That underperformance compared to cities like Perth and Adelaide might sound like bad news. But for smart property investors, it’s created a rare chance to buy in before momentum really kicks in.
The turning point came after the February 2025 interest rate cut, when Melbourne unexpectedly led the country in price growth for the month. Auction clearance rates and buyer numbers have picked up since then. That’s a clear sign that confidence is returning. In fact, some in the industry have started calling it a “stealth boom” – a quiet resurgence where investors are moving early, before the headlines catch on.
What’s Driving the So-Called Stealth Boom?
Behind the scenes, there’s been a noticeable uptick in investor activity – especially from seasoned buyers with equity to play with. Pre-approvals have spiked, and many buyers are targeting inner and middle-ring suburbs while prices are still reasonably low.
So what’s behind this early investor push?
Rate cut momentum: The RBA is expected to drop even further in 2025. Lower rates mean better borrowing power, and that’s got investors circling.
Supply is tight: Building approvals are well below the 10-year average, and new dwelling completions are at decade lows. That shortage is already pushing rents up and making existing homes more valuable.
Confidence returning: Investors aren’t waiting for the media to catch on. Many are jumping in now, ahead of the next growth cycle.
What Else Is Driving Melbourne’s Property Market Right Now?

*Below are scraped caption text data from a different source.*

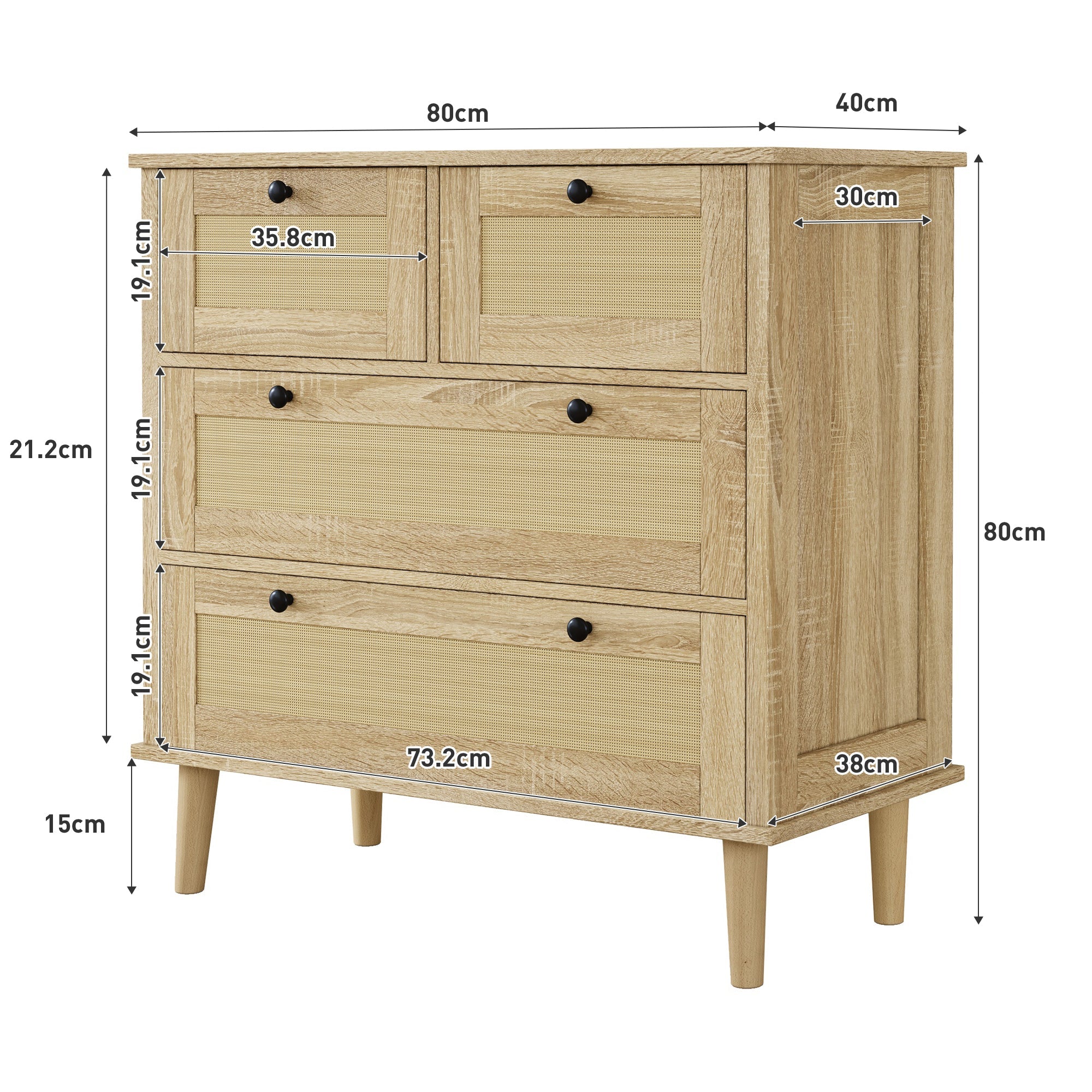 Logidon ladekast met 4 lades en rotan front naturel 80x40x80 cm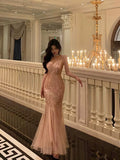 Mermaid Spaghetti Straps Sequin Sleeveless Long Prom Dresses Birthday Outfits SD734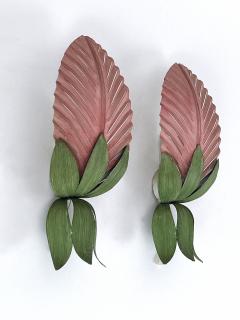  Holl nder Leuchten Set of Two Rare Mid Century Floral Sconces by Holl nder Leuchten Germany 1970s - 4599885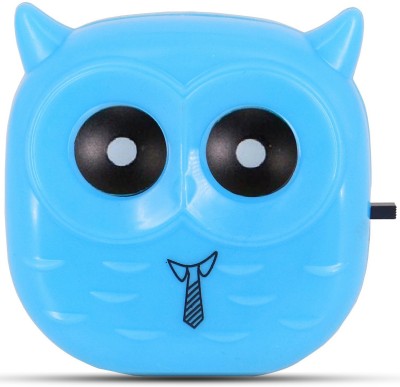 Aseenaa LED Night Lamp of Lucky Owl Shape Combo | Energy Saving Light Lamp with On-Off Switch | Wall Lamp for Bedroom, Home Decor and Room Decorations | Colour : Blue | Set of 1 Night Lamp(10 cm, Blue)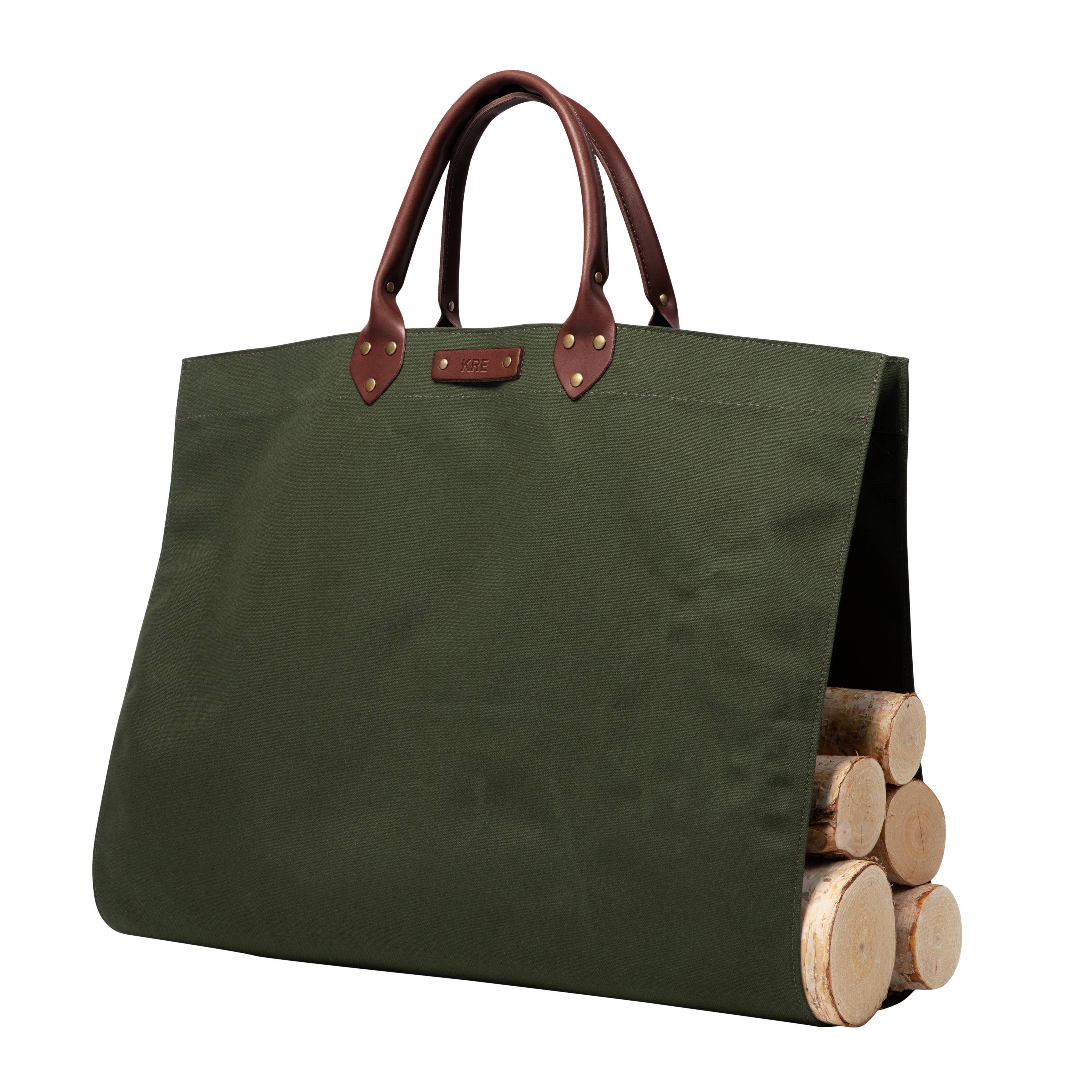 Canvas Log Carrier with Leather Handle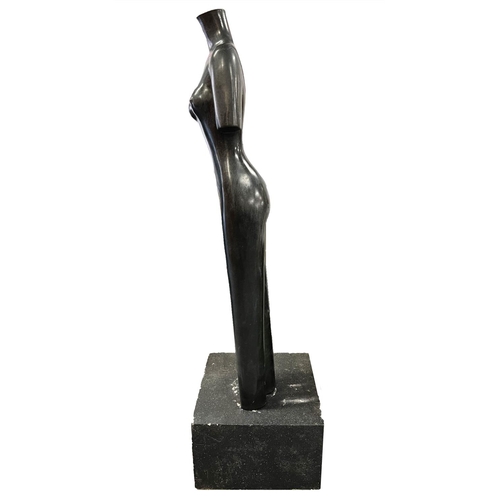 192 - GREGORY MUTASA (Zimbabwean b.1959) 'Standing Nude', carved stone on square plinth base, 157cm H.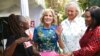 US first lady Jill Biden meets youth at Village Creative in Nairobi, Kenya. Feb. 25, 2023.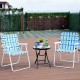 Two blue folding beach chairs with a steel frame and webbing, perfect for camping or lawn gatherings.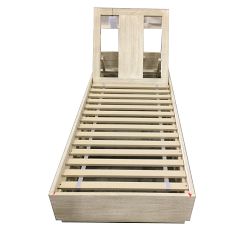 Open Box: Indio Eucalyptus Modern Platform Outdoor Single Chaise Lounge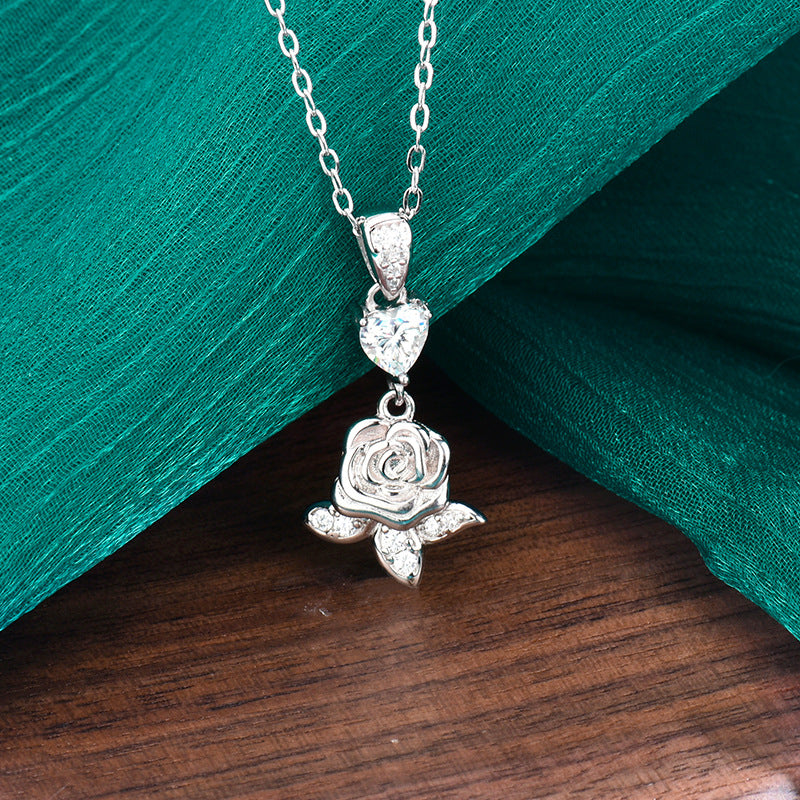 S925 Sterling Silver Moissanite Love Rose Pendant Necklace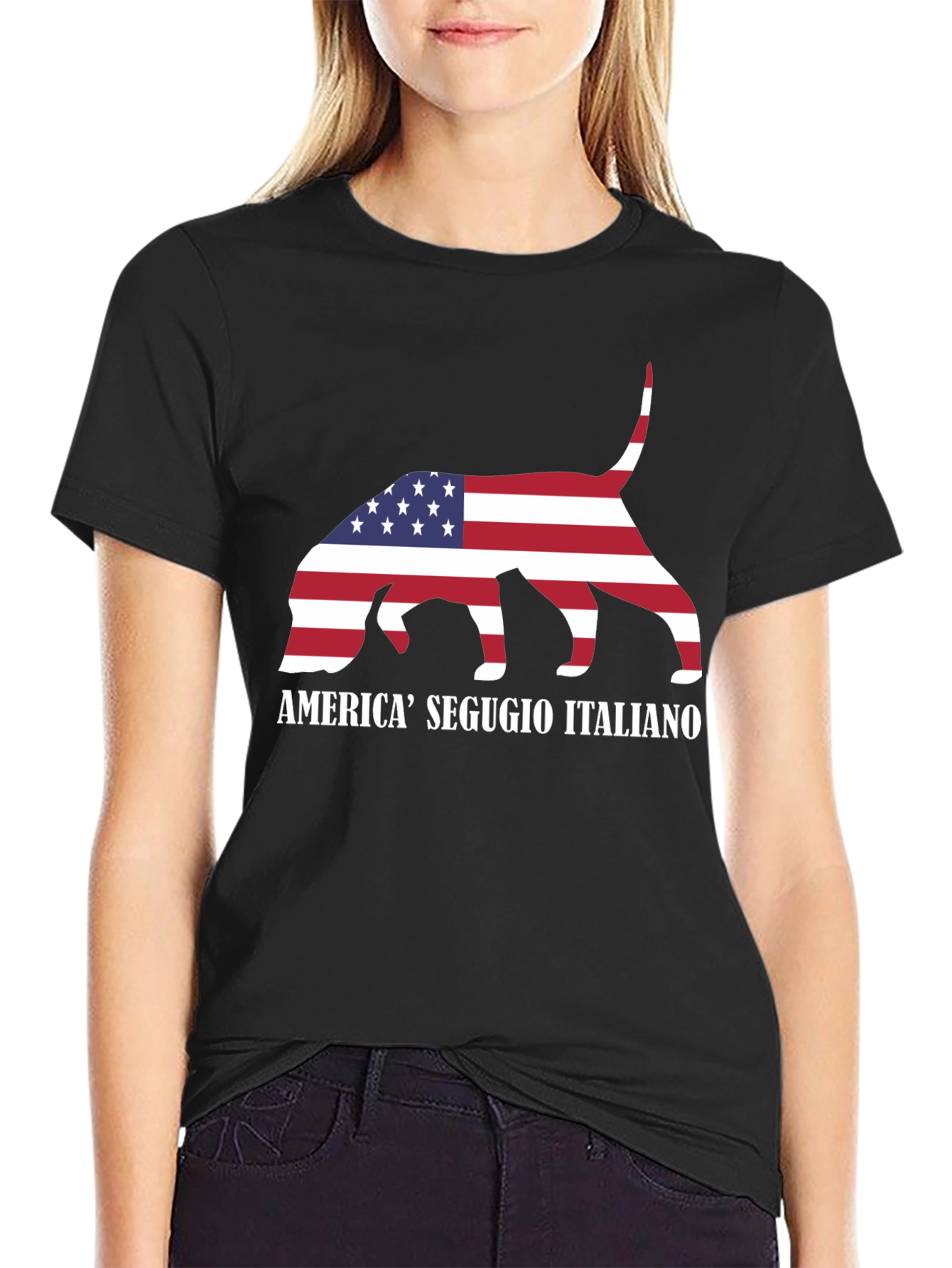 Segugio Italiano Dog USA Flag T-Shirt
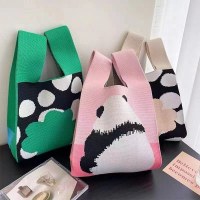 インパンダ織りバッグ ハンドバッグ 通勤 通勤バッグ かわいい カジュアル ウール ニットバッグ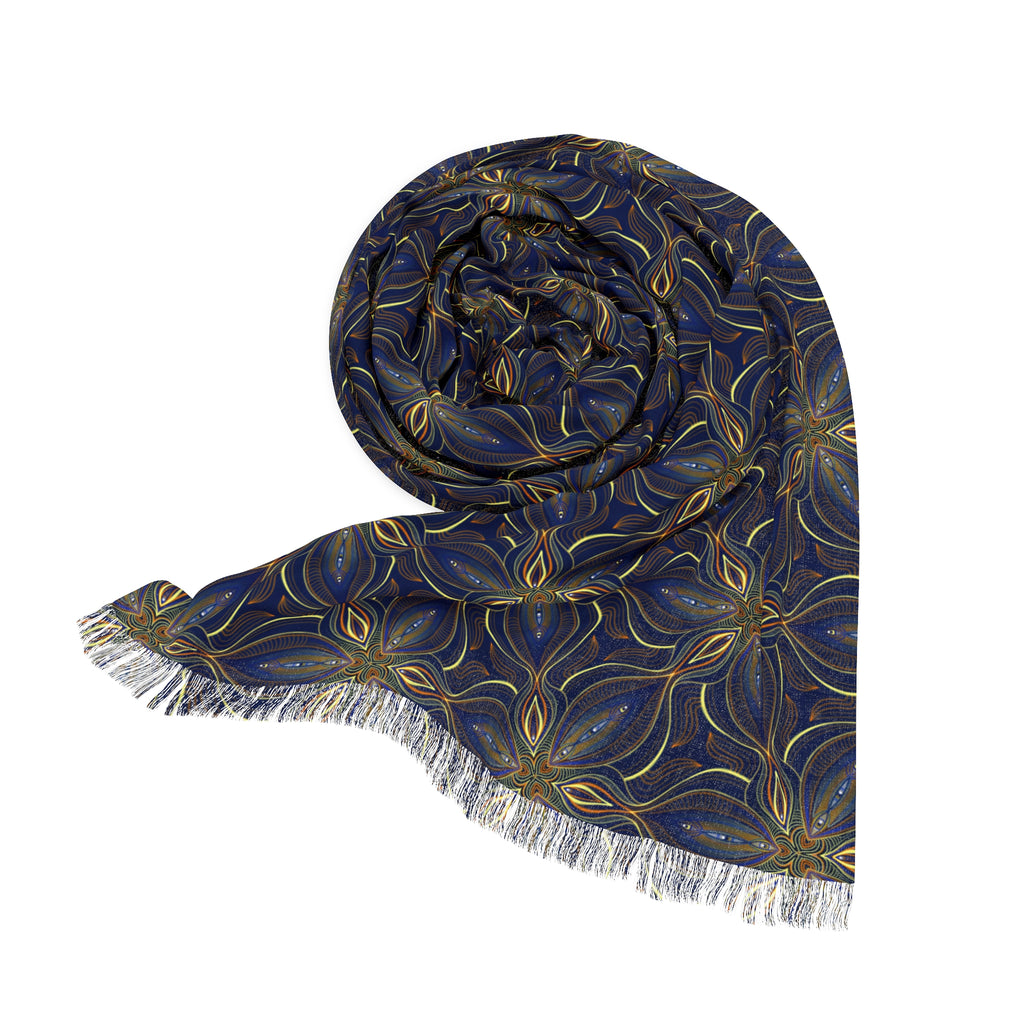 Boho Starburst Lightweight Scarf — Navy & Gold Patterned Wrap #k0987644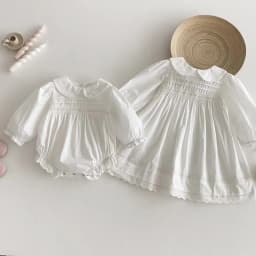 1-7Yrs Casual Girls Dress Spring Kids Clothes Cotton Lace Sweet Peter Collar White Baby Girl Embroider Princess Party Dresses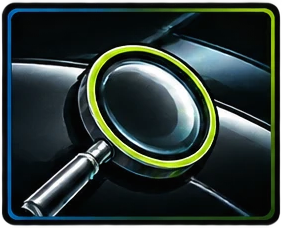 Magnifying glass over glossy paint, representing the paint assessment before a ceramic coating in Newport News
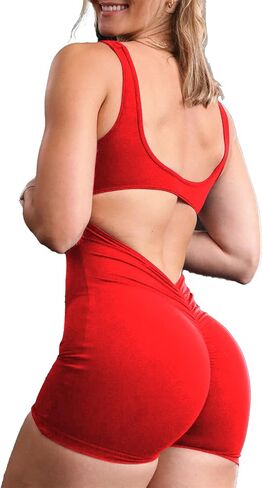 Mokoru One Piece Workout Jumpsuits for Women Backless Tummy Control Bodysuit Shorts Sexy V Back Scrunch Butt Yoga Romper in Saudi Arabia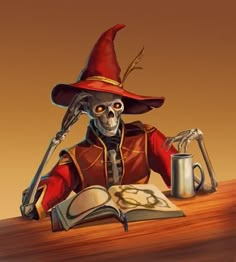 a skeleton dressed as a wizard sitting at a table with an open book in front of it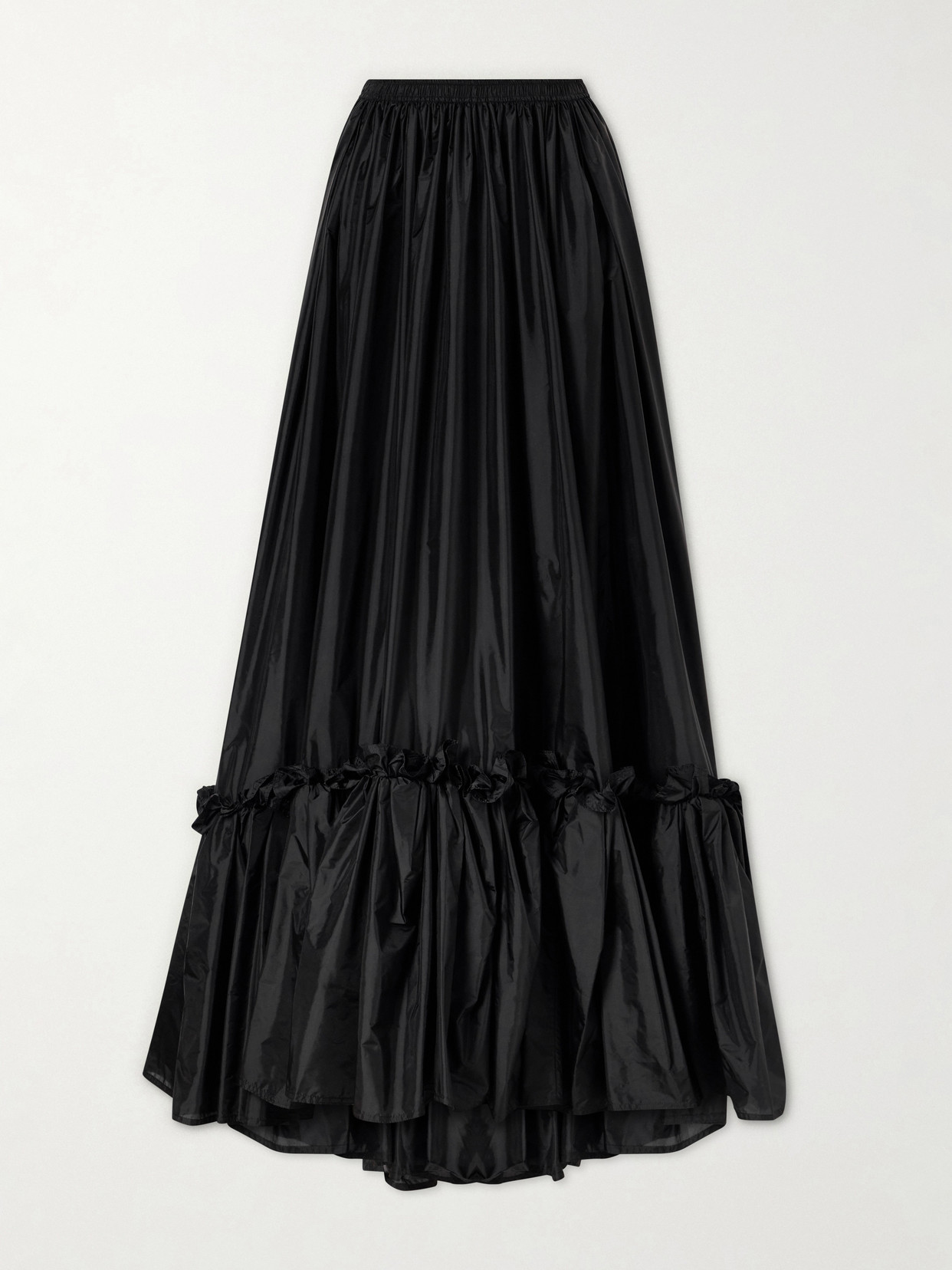 SAINT LAURENT - Tiered Ruffled Satin Maxi Skirt - Black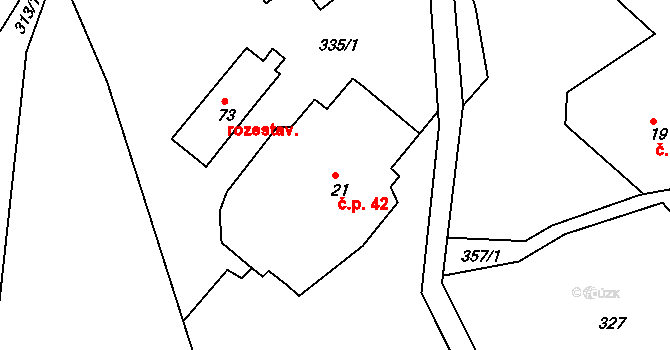 Dolní Lysečiny 42, Horní Maršov na parcele st. 21 v KÚ Dolní Lysečiny, Katastrální mapa
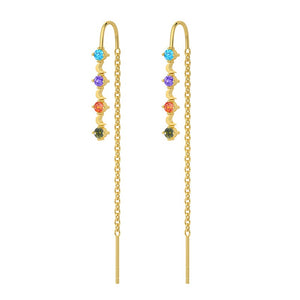 Tiny Star Moon Colorful CZ Threader Earrings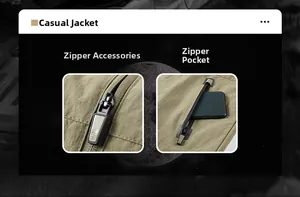 Close-up of durable metal zipper and pocket detail on khaki outdoor jacket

It’s not just falling interest rates that are driving the recovery. A few deeper fundamentals are making a difference:
1. Population is Booming
Victoria’s population grew by hundreds of thousands of people in the past year alone. With Melbourne expected to add millions more people by 2050, long-term demand for housing isn’t going anywhere.
2. Rents are Still Climbing
Rental demand is sky-high. Vacancy rates are at 1.7%, and over the past 12 months, rents in Melbourne have risen by more than 9% for both houses and units. That’s good news for investors chasing stronger yields.
3. Finance is Flowing Again
After a sluggish period, housing finance in Victoria has bounced back especially compared to other markets. In August last year, total finance commitments hit $86.2 billion, which was 13% above the 10-year average. It was a clear sign that buyers were re-entering the market, and the momentum has continued, with lenders now far more willing to say yes.
Melbourne Property Prices by Suburb: Where the Growth Is Happening
Melbourne’s market isn’t rising evenly across the board – but some suburbs are already pulling ahead. From luxury postcodes to first homebuyer territory, price movements are giving us clues about what’s next.
Premium Suburbs (>$2M median)
Melbourne’s high-end postcodes have remained surprisingly resilient. Suburbs like Toorak, Canterbury, Balwyn, and South Yarra continue to attract deep-pocketed buyers chasing lifestyle, prestige, and scarcity.
These areas tend to hold their value better during downturns – and often lead the rebound. When the market shifts, they’re usually the first to move.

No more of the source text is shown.